DATASET CONTENT -
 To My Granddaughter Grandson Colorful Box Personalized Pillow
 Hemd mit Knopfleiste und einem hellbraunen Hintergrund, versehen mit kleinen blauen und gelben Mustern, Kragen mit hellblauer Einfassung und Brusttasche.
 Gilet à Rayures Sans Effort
---
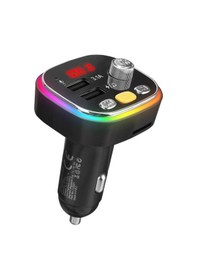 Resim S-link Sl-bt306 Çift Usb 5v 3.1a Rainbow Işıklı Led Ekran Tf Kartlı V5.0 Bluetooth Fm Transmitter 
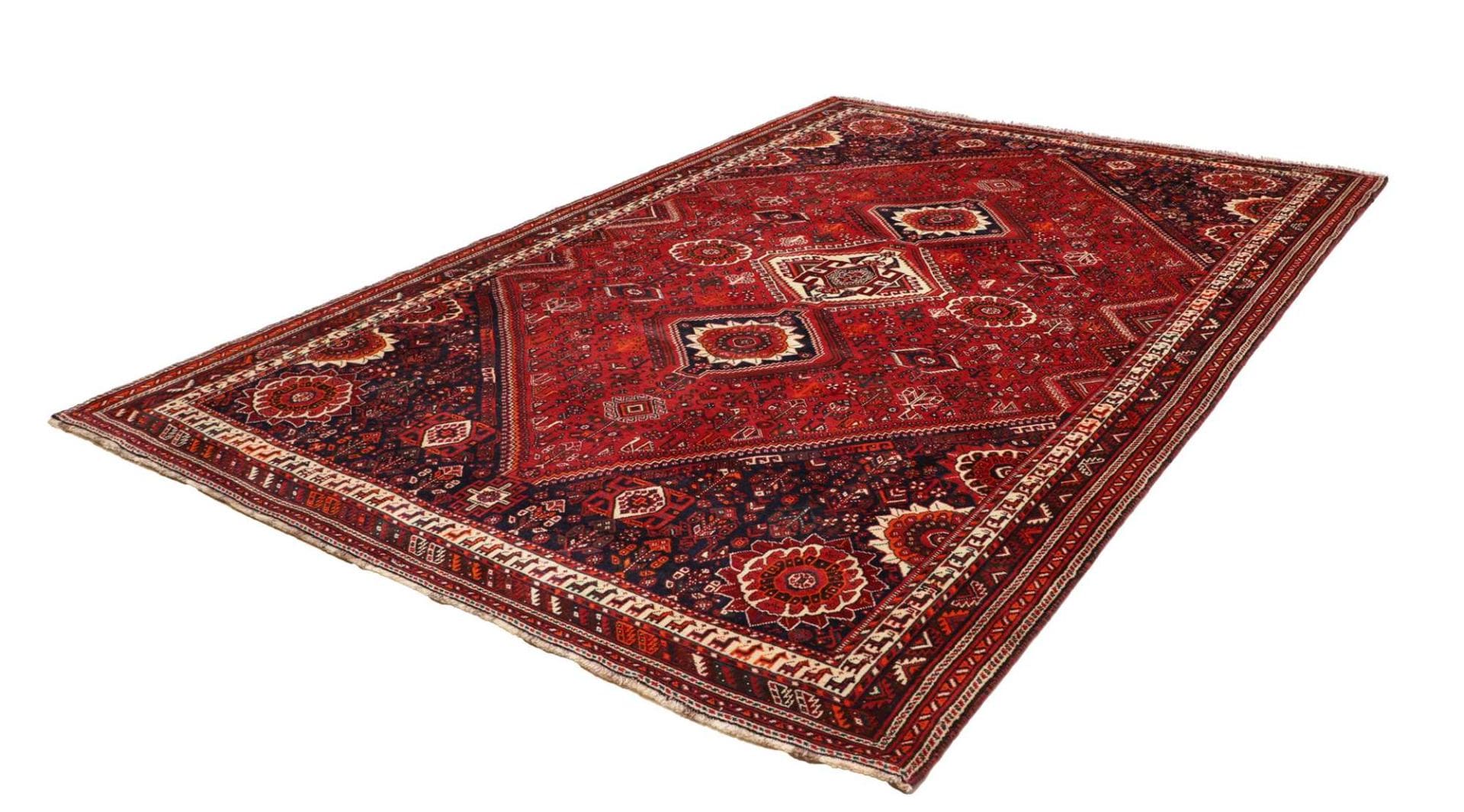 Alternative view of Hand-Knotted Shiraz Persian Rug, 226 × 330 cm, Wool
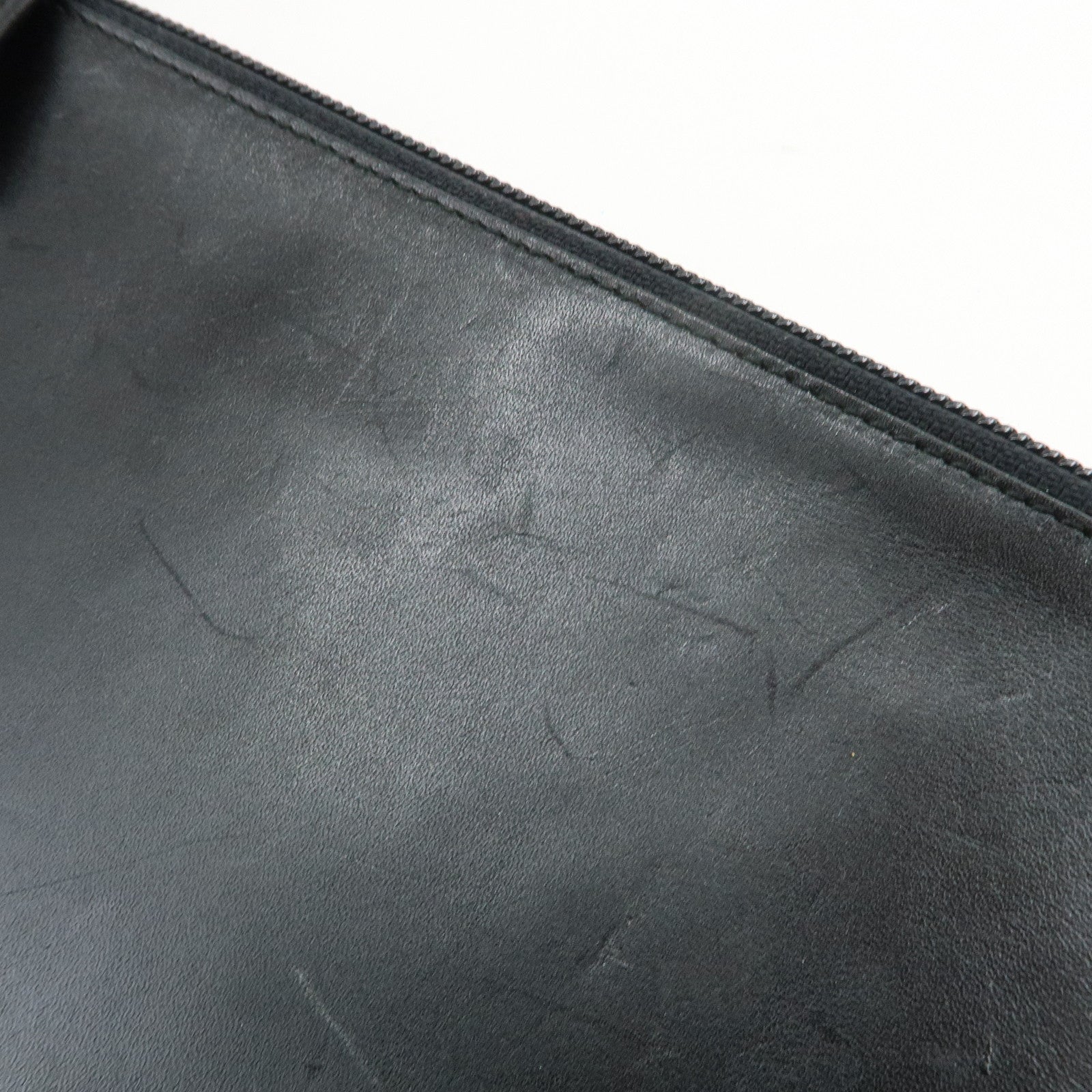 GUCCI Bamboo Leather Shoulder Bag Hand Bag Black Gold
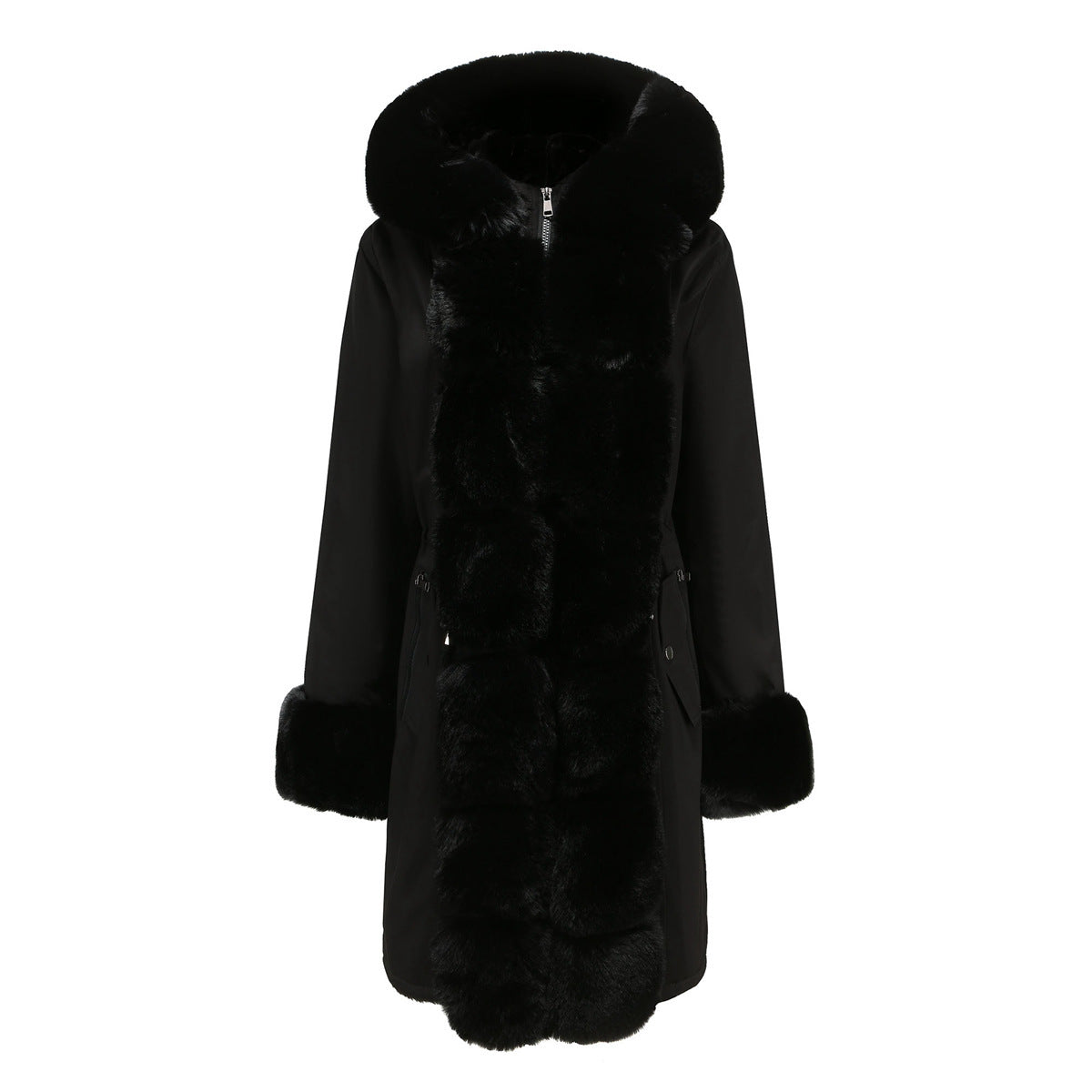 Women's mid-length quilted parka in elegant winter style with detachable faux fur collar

EXERCISE GOAL -
The lines above, starting at the one with "To My Granddaughter" and ending at the one with "Gilet à Rayures Sans Effort", are the only ones to return, exactly as written.

SOLUTION TO THIS EXERCISE -
 To My Granddaughter Grandson Colorful Box Personalized Pillow
 Hemd mit Knopfleiste und einem hellbraunen Hintergrund, versehen mit kleinen blauen und gelben Mustern, Kragen mit hellblauer Einfassung und Brusttasche.
 Gilet à Rayures Sans Effort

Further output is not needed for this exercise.